Britain may be invited to send Special Forces to Ghana after it was forced to withdraw all of its 300 peacekeepers from Mali in the face of bands of Russian mercenaries and jihadist groups, The Telegraph understands.
British ministers will this week fly to Ghana to hammer out a new security agreement.
It is unclear if the move is a face-saving operation in the wake of the mission in Mali being shut down or something more significant as British forces already train troops in Ghana.
Three years ago, Britain announced a major ‘pivot’ to the jihadist-stricken Sahel region on Europe’s southern flank to great fanfare at home. New embassies were opened. Hundreds of millions of pounds were promised in humanitarian and military aid. And 300 crack troops were sent deep into Mali to scout for gunmen allied to Islamic State and Al Qaeda.

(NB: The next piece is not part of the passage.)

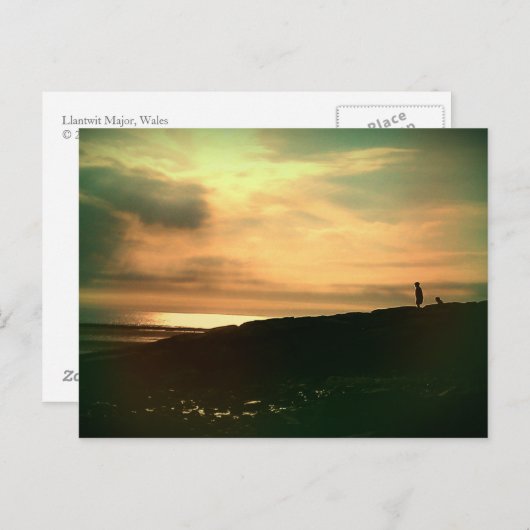 Carte Postale Soirée tranquille sur la plage (Devant / Derrière)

This was post-Brexit Global Britain in action, ministers said. But now that policy, like the land on which it played out, has turned to dust. Thousands of French troops were chased out of the same region by the Malian military junta they were supposed to protect in August. And now the Brits are following suit.
Last week the UK announced it was withdrawing all of its troops from Mali, which until only a few months ago, Whitehall officials were describing as “the new frontline of the war on terror”.
Former Africa Minister Rory Stewart, who championed the so-called “pivot to the Sahel” under Prime Minister Theresa May, was scathing about the real purpose of this week’s Ghana trip, suggesting it was no more than a face-saving operation.
“We struggled to maintain 300 troops in Mali, partly because it cost perhaps as much as a hundred million pounds from tightly stretched budgets,” he told The Telegraph. “I fear that the ‘pivot to Ghana and Burkina Faso’ is largely a way of excusing our retreat from the Sahel and will ultimately add up to less than people pretend.”
“We have been worrying about Burkina Faso for some time. But without an embassy there or any significant investment, there is a real limit to what the UK can do,” said Mr. Stewart.